Karim Bourti is a citizen of Algeria, and former citizen of France, who was convicted of an association with terrorism.
A French court convicted Karim Bourti of association with terrorism in 1998.
Karim Bourti is notable for facing long-standing allegations of ties to terrorism.

Time magazine called Karim Bourti: "...a self-described Paris-based recruiter for international jihad."
Time says he is the "main Paris operative for the Salafist Group for Preaching and Combat.

French journalist Mohamed Sifaoui used his renewal of a childhood acquaintanceship with Bourti as his path to a three month undercover investigation into militant jihadism in France, entitled, "Mes Freres Assassins".
According to Sifaoui, Karim Bourti, and confederates, had planned to attack the 1998 World Football Cup.

Karim Bourti was interrogated about his ties to Richard C. Reid, "the shoe-bomber".

MSNBC reports that Karim Bourti said:

- more "I never buy Coca-Cola because 10, 20 per cent goes to the army of pigs and apes and monkeys. Who are the armies of pigs and apes? The Jews. Allah has turned them into pigs and apes who love tyrants. They kill our brothers, but we will kill them, God willing. Very soon we will kill them."
- "To go on jihad is a favour bestowed by Allah, not just anyone can go.

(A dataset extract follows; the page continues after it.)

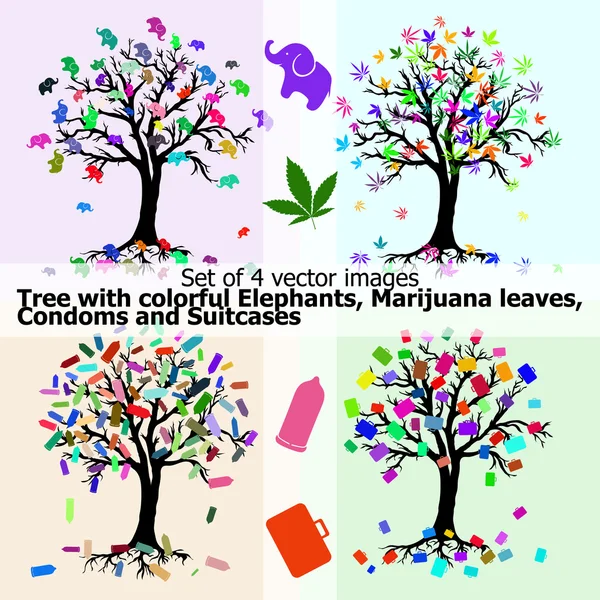 Árbol con coloridos elefantes, hojas de marihuana, condones y maletas en estilo abstracto — Vector de stock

He chooses the martyrs amongst you, so it's a real honour."

Karim Bourti was charged with assault after beating a moderate Muslim cleric in an attempt to extort funds from him.

Pakistan's Daily Times reports that Karim Bourti was so influenced by his religious training in Pakistan that he wore Pakistani clothes upon his return to Europe.

The United States State Department reported that Karim Bourti had been stripped of French citizenship in 2006.

==Proteges==

Karim Bourti has claimed he recruited former Guantanamo captive Brahim Yadel and Hervé Djamel Loiseau, who was found frozen to death in the Afghan battleground of Tora Bora.